Provided material —
↓

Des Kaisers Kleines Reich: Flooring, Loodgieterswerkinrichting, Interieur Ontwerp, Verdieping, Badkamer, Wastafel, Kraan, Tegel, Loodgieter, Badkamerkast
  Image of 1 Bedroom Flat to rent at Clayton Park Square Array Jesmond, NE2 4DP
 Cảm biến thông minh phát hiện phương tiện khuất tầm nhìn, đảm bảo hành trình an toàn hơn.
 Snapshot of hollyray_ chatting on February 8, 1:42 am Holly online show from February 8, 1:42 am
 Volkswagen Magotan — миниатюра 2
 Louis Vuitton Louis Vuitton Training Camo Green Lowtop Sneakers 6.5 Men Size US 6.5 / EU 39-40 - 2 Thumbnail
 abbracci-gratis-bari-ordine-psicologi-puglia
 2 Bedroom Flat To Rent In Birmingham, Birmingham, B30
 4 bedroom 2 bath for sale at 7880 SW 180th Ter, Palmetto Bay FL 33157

↑

Your instructions — All records above must be set down exactly, please.

Answer box —
Des Kaisers Kleines Reich: Flooring, Loodgieterswerkinrichting, Interieur Ontwerp, Verdieping, Badkamer, Wastafel, Kraan, Tegel, Loodgieter, Badkamerkast
  Image of 1 Bedroom Flat to rent at Clayton Park Square Array Jesmond, NE2 4DP
 Cảm biến thông minh phát hiện phương tiện khuất tầm nhìn, đảm bảo hành trình an toàn hơn.
 Snapshot of hollyray_ chatting on February 8, 1:42 am Holly online show from February 8, 1:42 am
 Volkswagen Magotan — миниатюра 2
 Louis Vuitton Louis Vuitton Training Camo Green Lowtop Sneakers 6.5 Men Size US 6.5 / EU 39-40 - 2 Thumbnail
 abbracci-gratis-bari-ordine-psicologi-puglia
 2 Bedroom Flat To Rent In Birmingham, Birmingham, B30
 4 bedroom 2 bath for sale at 7880 SW 180th Ter, Palmetto Bay FL 33157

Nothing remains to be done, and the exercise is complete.